The second pattern is for days when there is no hatch ongoing and the pupa are staging just off the bottom waiting for the right conditions. They are not gassing up so there is minimal shine to their bodies. Nothing beats pheasant tail fibers for a natural looking pupa. Look at the pheasant tail fibers after wrapping and they are a fine fuzzy texture like the body is velveteen. I tie this pattern in natural brown, olive, and black. You can use the Sharpies to adjust the tint of the body. Counter wind the rib for durability.
The third pupa pattern is for fish near the surface that are rolling but not taking the adults or emergers. You use a floating line, greased leader and a light pattern that sinks slowly and stays an inch under the surface when slowly retrieved. Apparently the pupa will travel horizontally along the water interface attempting to break through and emerge into their adult form. The fish will swim a foot down eating these insects but not taking the adults. The fly below has a Monocord body with clear nail polish for sheen.

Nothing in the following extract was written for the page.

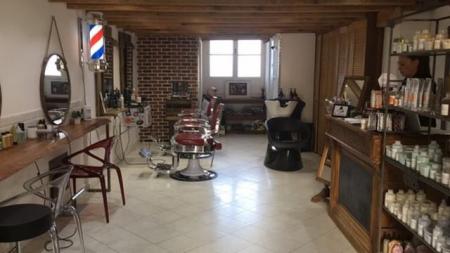 Roni coiffure (Salon de coiffure mixte et barbier) 70m² - A VENDRE - 14 rue du docteur dell pellegrino - Ajaccio (20090)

This is a smpler version of the Brian Chan pupa, with pheasant tail as the body and a butt tuft.

For the deep bomber patterns, a variation required a white bead when the water is thick with algae which will collect in the gill tuft and discolor the poly/antron gills. For bomber pattern (over size 10) you can paint eyes onto the white bead for added realism. There are large chironomid pupa which are predatory and have good eyesight. Bomber patterns are sometimes tied with more detail, mainly because you can get the parts onto a size 8 hook without the fly looking sloppy. This first fly has the tail tuft and a wing case made of Raffia. Bombers can work well as attractor patterns even when there is no hatch on. The fish are so used to seeing chironomids through the season that they will not pass up an easy meal.

The eyes on the white bead are very prominent.

To tie bunches of chironomids in batches, it helps to organize the materials for the patterns. I also keep a list of patterns to be tied up over the winter so that I tie up the right number of each pattern for the season. The hooks and beads are arranged on a Plano box for easy reference when grabbing #12 hook and 7/64" black bead for example. The round clear lid cases are from Princess Auto (watchmaker cases also available at Lee Valley for 3X the price), they fit in an aluminum box 20 at a time.

Search the web for AK Best's fly tying tips, his production techniques are useful to improve your efficiency. We may not all be speed tyers, but getting the most flies tied in a session is still important.